W gminie Tarłów, różnica w różnych sprawozdaniach wynosi ponad dwieście osób. Tomasz Kamiński, pełniący obowiązki wójta nie chce komentować tej sprawy. W piątek mówił, że nic mu nie wiadomo na temat tak dużych rozbieżności w raportach gminy. Dziś przyznał, że zlecił urzędnikom przygotowanie odpowiednich dokumentów, aby mógł się z nimi zapoznać, jednak nadal tego nie zrobił, ponieważ pracował poza urzędem.
Poseł Anna Krupka z Prawa i Sprawiedliwości przypomina, że w powiecie opatowskim dochodziło już do, jak to określiła, „cudów nad urną”. Chodzi jej o wyjaśnianą przed sądem sprawę dopisania wyborców do listy przed drugą turą cztery lata temu.
– Tym razem, dodatkowy mandat przypada w okręgu, gdzie zazwyczaj wysokie wyniki osiąga PSL. To dzieje się kosztem okręgu, w którym wygrywają kandydaci Prawa i Sprawiedliwości – mówi Anna Krupka.
Posłanka przypomina prace rządu zmieniające ustawę co do zasad przeprowadzania wyborów właśnie po to, aby były transparentne i przejrzyste.

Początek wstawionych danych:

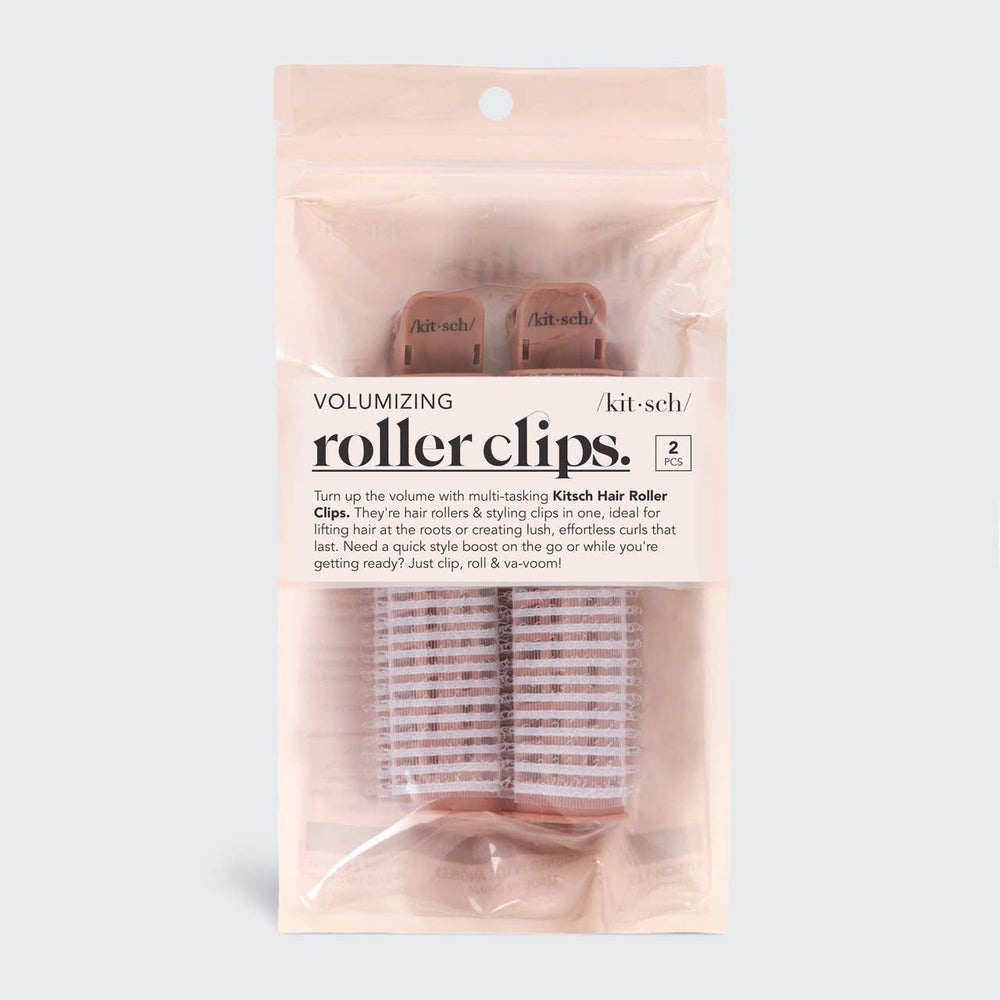 Clear package with two pink Kitsch Volumizing Roller Clips; black label. Available in standard size. For volume and curls.
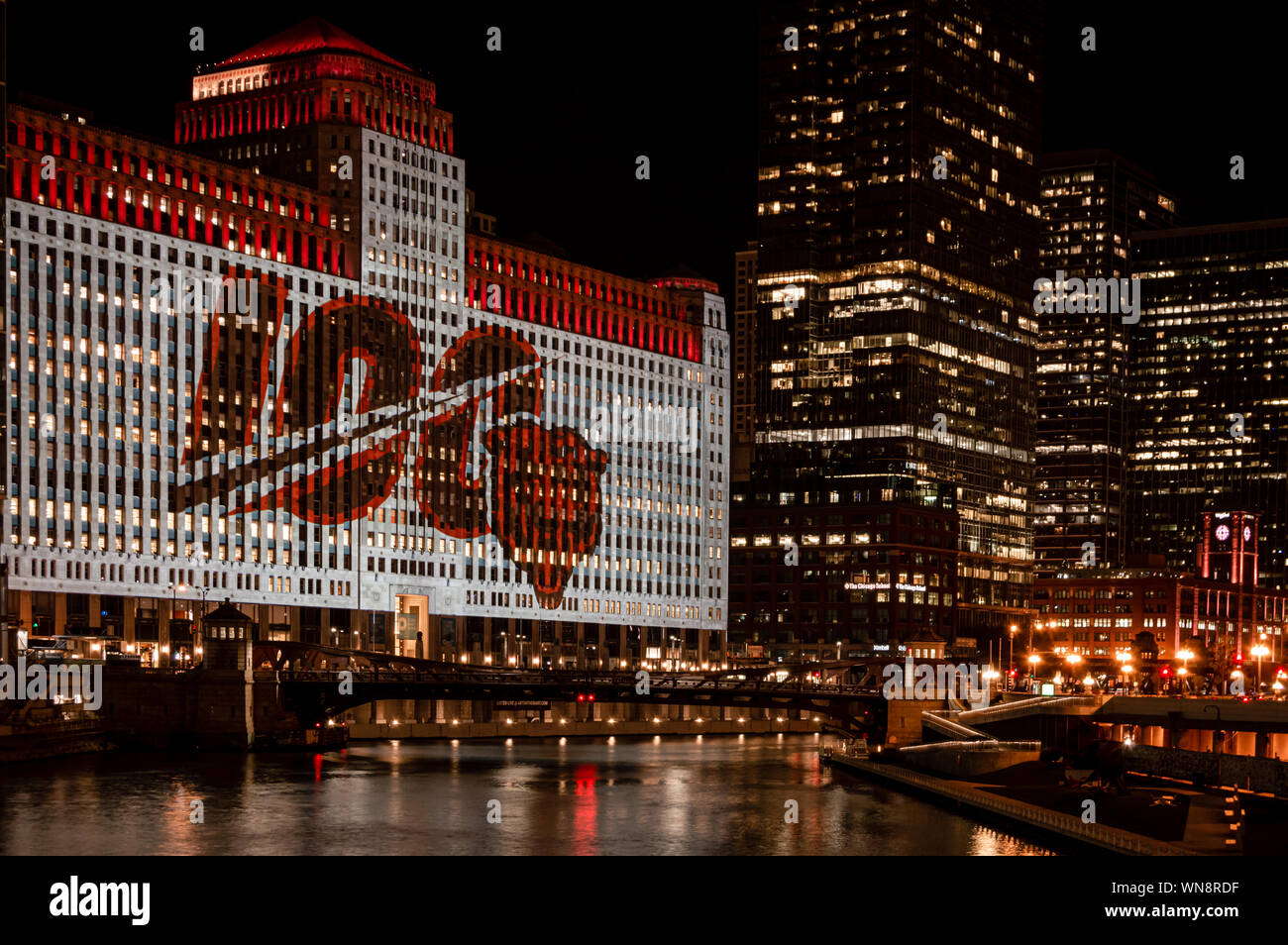 Chicago, USA-September 5, 2019: The Merchandise Mart is celebrating the 100th playing season of the Chicago Bears NFL with projected wall art at night Stock Photo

Magdalena Fogiel-Litwinek prezes stowarzyszenia Kukiz’15 w województwie świętokrzyskim wątpi, aby wójt Tarłowa nic nie wiedział o tej sprawie. Jego tłumaczenie uważa za żenujące. Jak dodaje, każdy z nas powinien nalegać na to, aby wybory były przeprowadzane uczciwe, a manipulacja liczbą mieszkańców przeczy tej zasadzie.
– To znaczy, że jest kombinatorstwo, łamanie prawa i ręczne sterowanie liczbą mandatów. Osoby, które są za to odpowiedzialne, powinny zostać ukarane i nie powinny pracować w urzędzie gminy – mówi Magdalena Fogiel-Litwinek.
– Po wyborach włodarze robią, co im się żywnie podoba – mówi.
Przypomina toczący się proces zawieszonego wójta Tarłowa w sprawie nieprawidłowości podczas wyborów samorządowych w 2014 roku.
Senator PiS Jarosław Rusiecki uważa, że jeśli są wątpliwości co do sposobu określenia liczby mieszkańców, to wojewoda słusznie zawiadomiła prokuraturę. Jak mówi, powiat opatowski jest szczególny i należy w nim starannie kontrolować samorządowców.
– Dobrze by było, gdyby ludzie się tym przejęli i między bajki włożyli twierdzenie, że jeden głos o niczym nie decyduje. Właśnie ten głos, jak pokazuje doświadczenie i historia, decydował o upadkach rządu, o wyborze konkretnych osób. Ten głos jest mocny i skuteczny – mówi senator.
Dodaje, że nieprawidłowości w 2014 roku sprawiły, że zaufanie do samorządu jest coraz mniejsze, a to wspólne dobro, o które razem powinniśmy dbać.
Jak informowaliśmy, zawyżoną liczbę mieszkańców odnotowano także w Ożarowie i Wojciechowicach. W obu tych gminach różnica wynosi po około 50 osób.